“Don’t worry about that. When Old Sixteen gets to spouting Latin or Greek he doesn’t know whether he’s on his head or his feet, and as for a hat—say, forget it and come on. He’ll never mention it again. Peaches knows how to handle him. Peaches is the best Latin lad in the whole school, and once Sixteen finds some one who will listen to his new theory about conjugating irregular verbs, he’ll talk until midnight. Come on!”
“Poor Peaches!” murmured Tom Davis.
“Never mind, Sister,” spoke George Bland, as he linked his arm in that of Joe. “Peaches seen his duty and he done it nobly, as the novels say. When Sixteen gets through with him we’ll blow him to a feed to make it up to him. Come on while the going’s good. He’ll never see us.”
Thus the day—rather an eventful one as it was destined to become—came to an end. The boys filed into the big dining hall, and talk, which had begun to verge around to baseball, could scarcely be heard for the clatter of knives and forks and dishes.
Some time later there came a cautious knock on the door of the room that Tom Davis and Joe Matson shared. The two lads were deep in their books.

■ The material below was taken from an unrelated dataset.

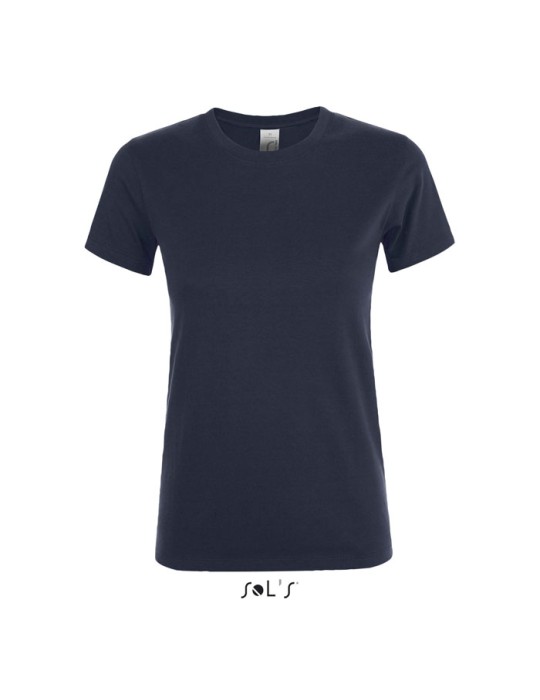 T-shirt Femme REGENT Personnalisable 100% Coton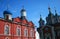 Old churches in Kremlin, Kolomna town, Russia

“Who’s there?” asked Joe sharply.
“It’s me—Peaches,” was the quick if ungrammatical answer. “The coast is clear—open your oak,” and he rattled the knob of the door.
Tom unlocked and swung wide the portal, and the hero of the Latin engagement entered.
“Quick—anything to drink?” he demanded. “I’m a rag! Say, I never swallowed so much dry Latin in my life. My throat is parched. Don’t tell me that all that ginger ale you smuggled in the other day is gone—don’t you dare do it!”